Introduction The IEEE Workshop PDCO 2025, Milan, Italy, will be the 15th edition of the IEEE Workshop on Parallel / Distributed Combinatorics and Optimization that will be held in conjunction with the 39th IEEE International Parallel and Distributed Processing Symposium (IPDPS). The PDCO Workshop comes from the merging of the successful Parallel Computing and Optimization (PCO) workshop and Nature Inspired Distributed Computing (NIDISC) workshop in 2017. Both workshops were continuously held in conjunction with IPDPS. The first edition of workshop PCO was held in Anchorage USA 2011. PCO was held in Shanghai China 2012, Boston USA 2013, Phoenix USA 2014, Hyderabad India 2015, Chicago USA 2016. After the merging with NIDISC, the workshop name was Parallel and Distributed Computing and Optimization (PDCO). It was held in conjunction with IPDPS Orlando USA in 2017. Then it was held in Vancouver, Canada in 2018. In 2019, workshop PDCO became IEEE Workshop on Parallel / Distributed Combinatorics and Optimization (IEEE PDCO 2019) and was held in conjunction with IPDPS Rio de Janeiro, Brazil. Then the workshop was held in New Orleans, Louisiana USA 2020 (virtual), Portland Oregon 2021 (remotely), Lyon France 2022 (remotely) St. Petersburg Florida USA 2023 and San Francisco, USA 2024. The series of Workshops has been very successful in the past years with many attendees (in average 20 attendees) and prestigious keynote speakers such as Professors Laurence T. Yang (St Francis Xavier University), Dimitri Bertsekas (MIT), Alex Pothen (Purdue University), Keqin Li (State University of New York), Frédéric Vivien (Ecole Normale Supérieure de Lyon), Anne Benoit (Ecole Normale Supérieure de Lyon) and Georges Da Costa (Université de Toulouse). Each year, we have around twenty submitted papers (in 2022/2023, there were fewer, probably because of the Covid19 crisis). However the quality of the received submissions constantly increased. To the best of our knowledge, the average acceptance rate over the past five years is around 60%. The workshop PDCO draws prestigious authors and original contributions (see lists of accepted papers in links below). As a consequence, there is a clear interest for a workshop topic related to optimization and parallelism / distribution and CSC in conjunction with symposium IPDPS. This domain is particularly a hot topic of research with the progress of computing accelerators, exaflop supercomputers and recent advances in Artificial Intelligence.
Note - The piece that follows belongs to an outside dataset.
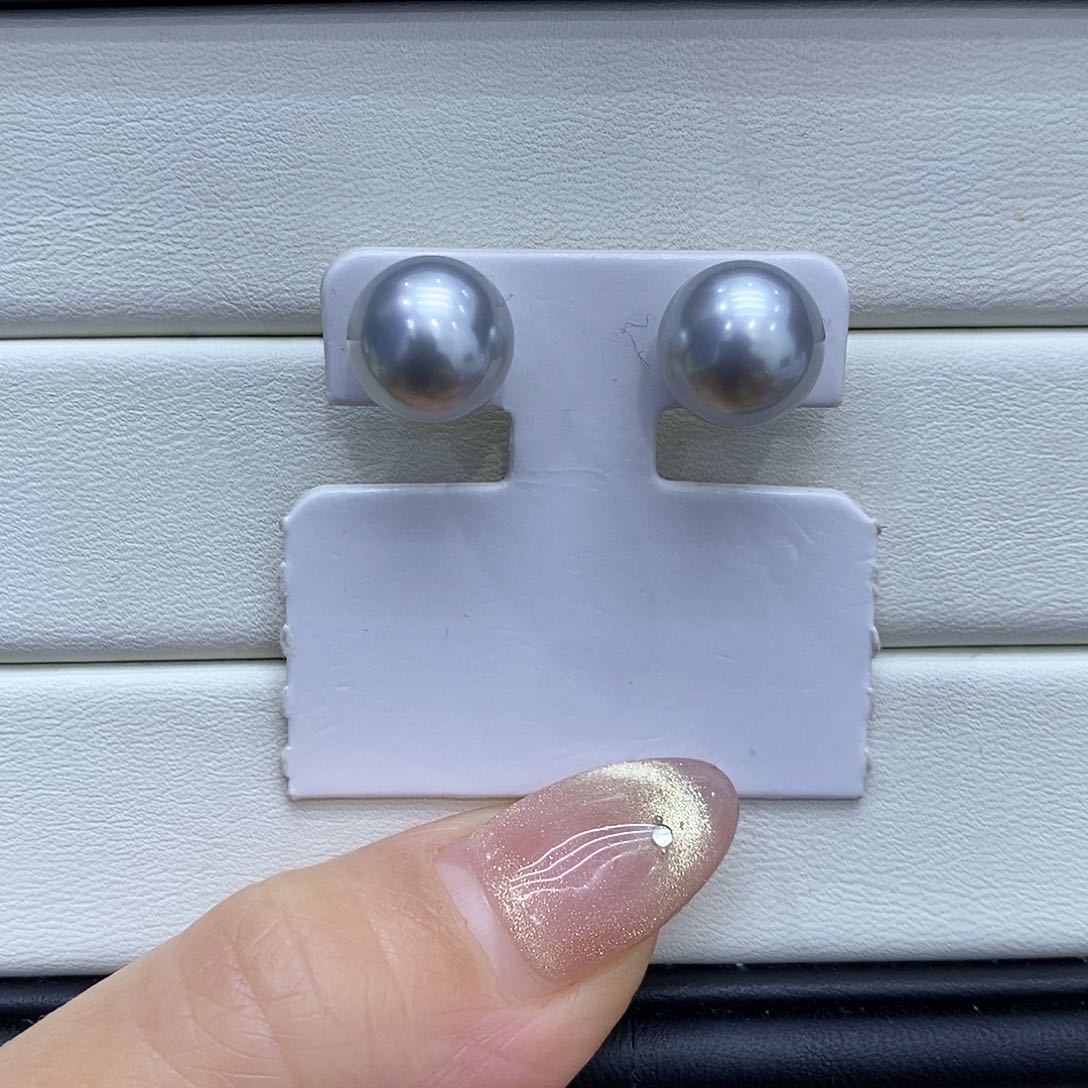 海水珍珠耳饰18K金镶嵌10到11点位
Scope The IEEE Workshop on Parallel / Distributed Combinatorics and Optimization aims at providing a forum for scientific researchers and engineers on recent advances in the field of parallel or distributed computing for difficult combinatorial optimization problems, like 0-1 multidimensional knapsack problems, cutting stock problems, scheduling problems, large scale linear programming problems, nonlinear optimization problems and global optimization problems. Emphasis is placed on new techniques for the solution of these difficult problems like cooperative methods for integer programming problems. Techniques based on metaheuristics and nature-inspired paradigms are considered. Aspects related to Combinatorial Scientific Computing (CSC) are also considered. In particular, we solicit submissions of original manuscripts on sparse matrix computations, graph algorithms and original parallel or distributed algorithms. The use of new approaches in parallel and distributed computing like GPU, MIC, FPGA, volunteer computing and P2P computing is taken into consideration. Application to cloud computing, planning, logistics, manufacturing, finance, telecommunications and computational biology are considered.
Topics ●Integer programming, linear programming, nonlinear programming. ●Exact methods, heuristics. ●Parallel algorithms for combinatorial optimization. ●Parallel metaheuristics. ●Parallel and distributed metaheuristics for optimization (algorithms, technologies and tools). ●Parallel and distributed computational intelligence methods (e.g. evolutionary algorithms, swarm intelligence, ant colonies, cellular automata, DNA and molecular computing for problem solving environments. ●Applications combining traditional parallel and distributed computing and optimization techniques as well as theoretical issues (convergence, complexity). ●Distributed optimization algorithms. ●Parallel sparse matrix computations, graph algorithms, load balancing. ●Hybrid computing and the solution of optimization problems. ●Peer-to-peer computing and optimization problems. ●Applications: cloud computing, planning, logistics, manufacturing, finance, telecommunications, computational biology, combinatorial algorithms in high performance computing.